# To Remove, Or Not to Remove



## Paradigmatic (Jan 22, 2013)

So. It has only been three weeks and a day or two.
I heard squeaking coming from the Breeding tank and looked in to see a buck chasing one of his sister does.
I heard squeaking earlier today too but didn't think twice about it.
Watched for a while and it's never the does who chase, just the boys, and the boys haven't been chasing other boys.

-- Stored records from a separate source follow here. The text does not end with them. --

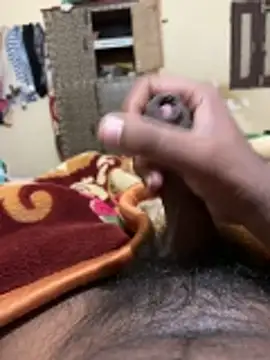 pussy hunter0 online show from February 2026 06:35:02 PM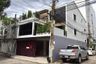 3 Bedroom Townhouse for rent in Phra Khanong Nuea, Bangkok near BTS Ekkamai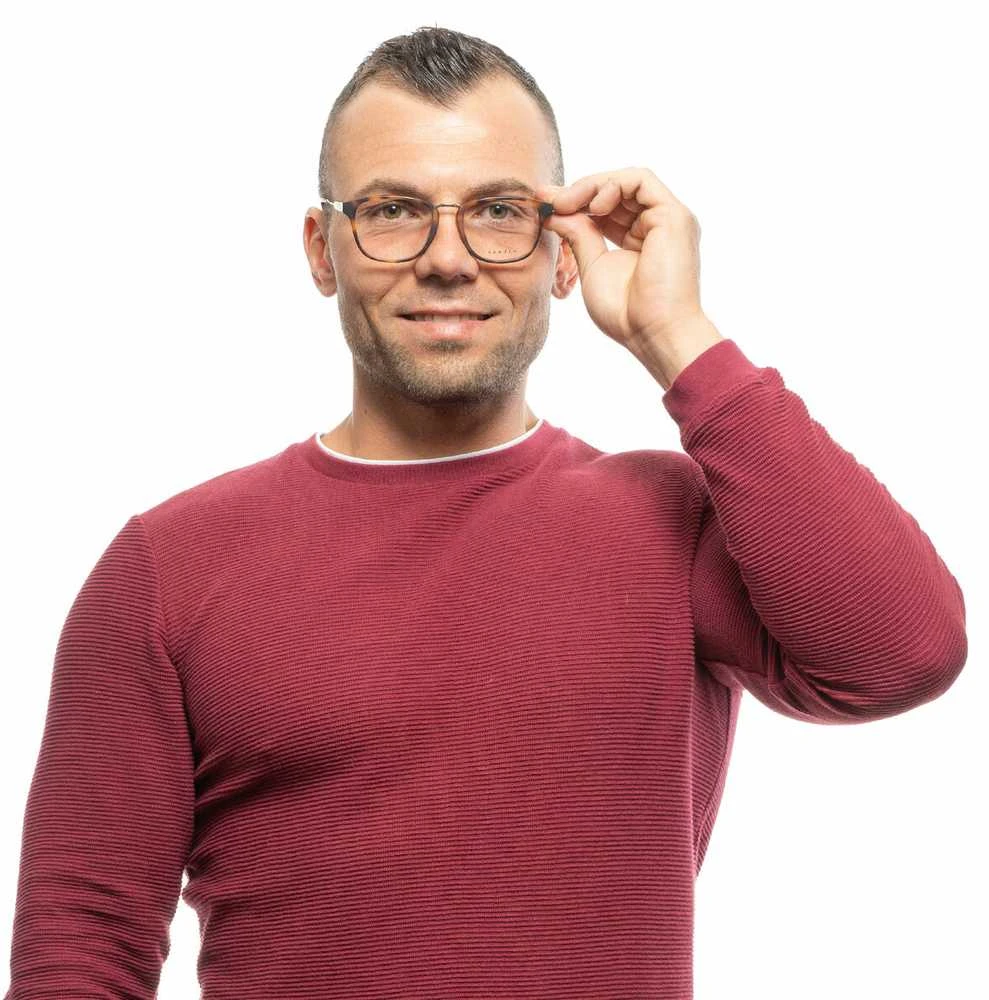 Akinių rėmeliai SANDRO PARIS EYEWEAR SD1007 51201 (vyrams)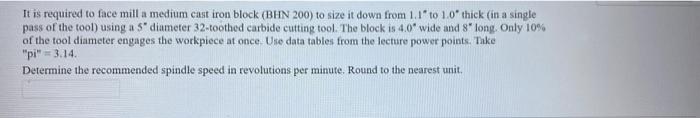 Solved Please help, I've tried too many times and I cant get | Chegg.com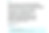 Screenshot 2026-04-29 164111.png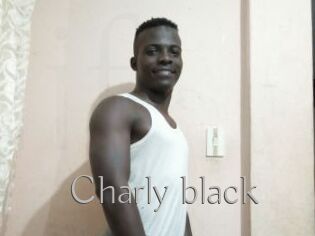 charly_black Live Fick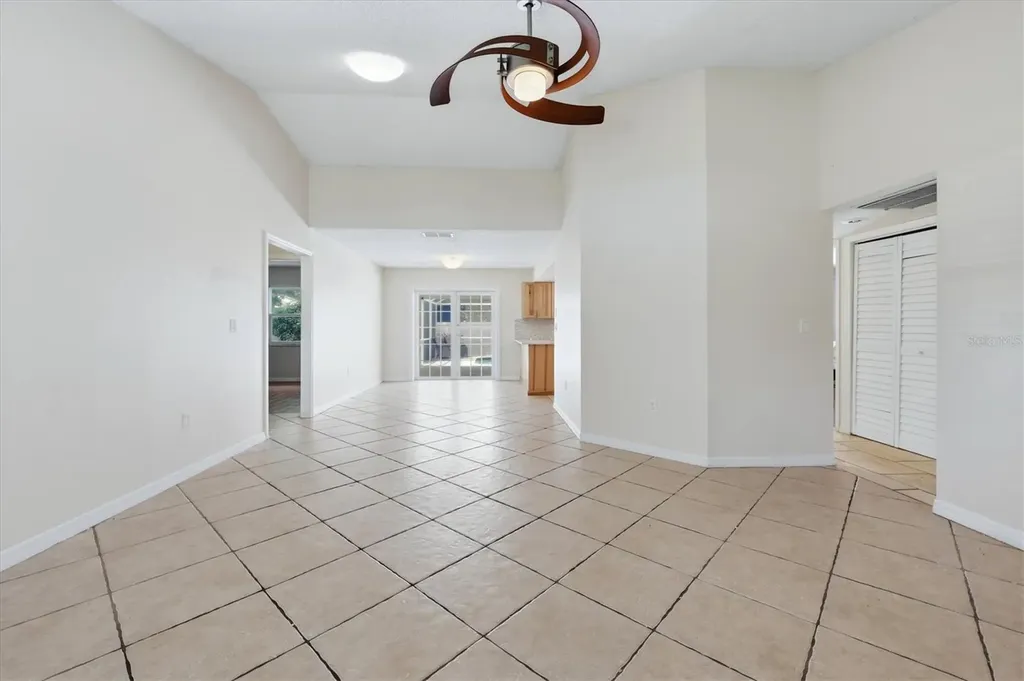 4089 King Richard Drive Sarasota FL 34232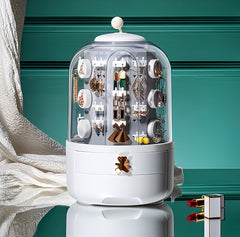 Accessories Organizer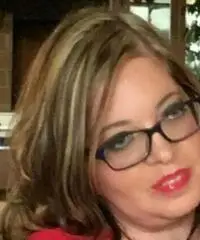 Relazione seria Relazione seria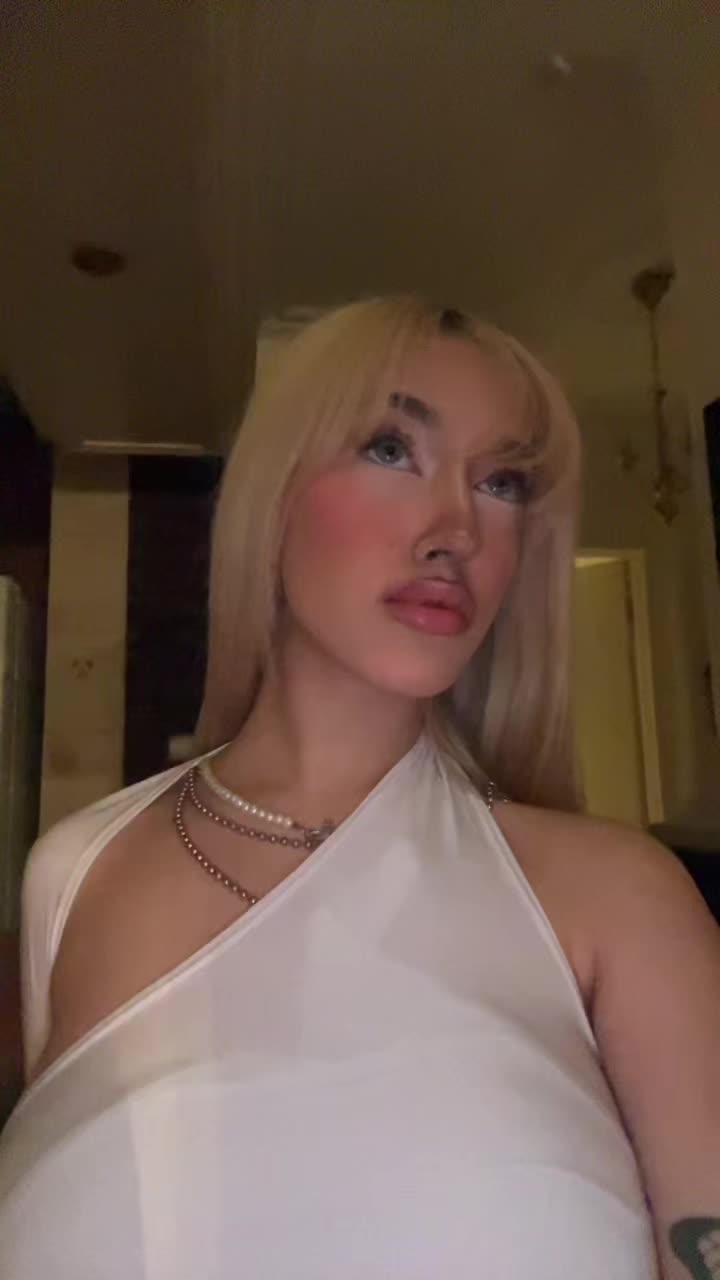 @sra44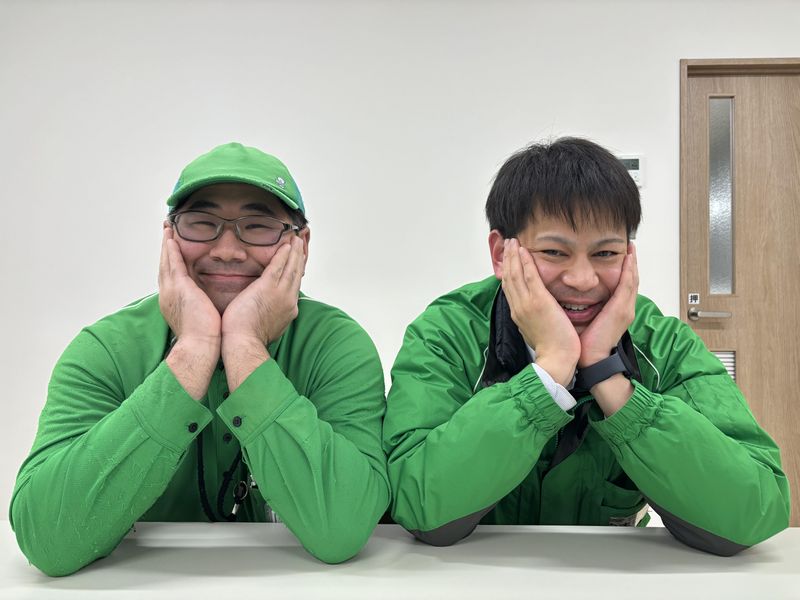 宅配トドック　遠軽センターのアルバイト・バイト求人情報-05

So, opinions, please. A decision will be made before bed tonight.
If the bucks are getting interested in the does and so long as they're eating solid food (they just figured out the water bottle too) should I remove them early? Original plan was next Thursday.


----------



## onionpencil (Jan 6, 2013)

not sure, can you keep a close eye on them and only remove if needed? sorry, i don't know what to suggest. good luck!


----------



## pro-petz (Nov 14, 2012)

If the bucks are showing interest in the does at that age I would remove the all bucks to a separate container and give them a weaner food diet, this usually contains softer food with the addition of new born baby milk in addition to water being offered.


----------



## ThatCertainGlow (Jun 23, 2012)

If after careful watching for an hour or two (like reading a book next to them, or something), it is still only boys chasing girls, no other deviation, then I would remove them and supplement as posted above. However, if the boys chase the boys, and there is no 'serious' mounting behavior, then I'd say it's just dominance sorting. Nothing to worry about. If those are from feeder lines, they might be bred for early maturing, via being bred too early. I wouldn't think a private breeder, breeding for healthy food would do that though, knowingly. In general, it's not usual that a 3 and change week old is sexually mature.

Good luck,
Zanne

*edit* Oops, you said you would decide before bed, so, hope they really were not that mature yet.


----------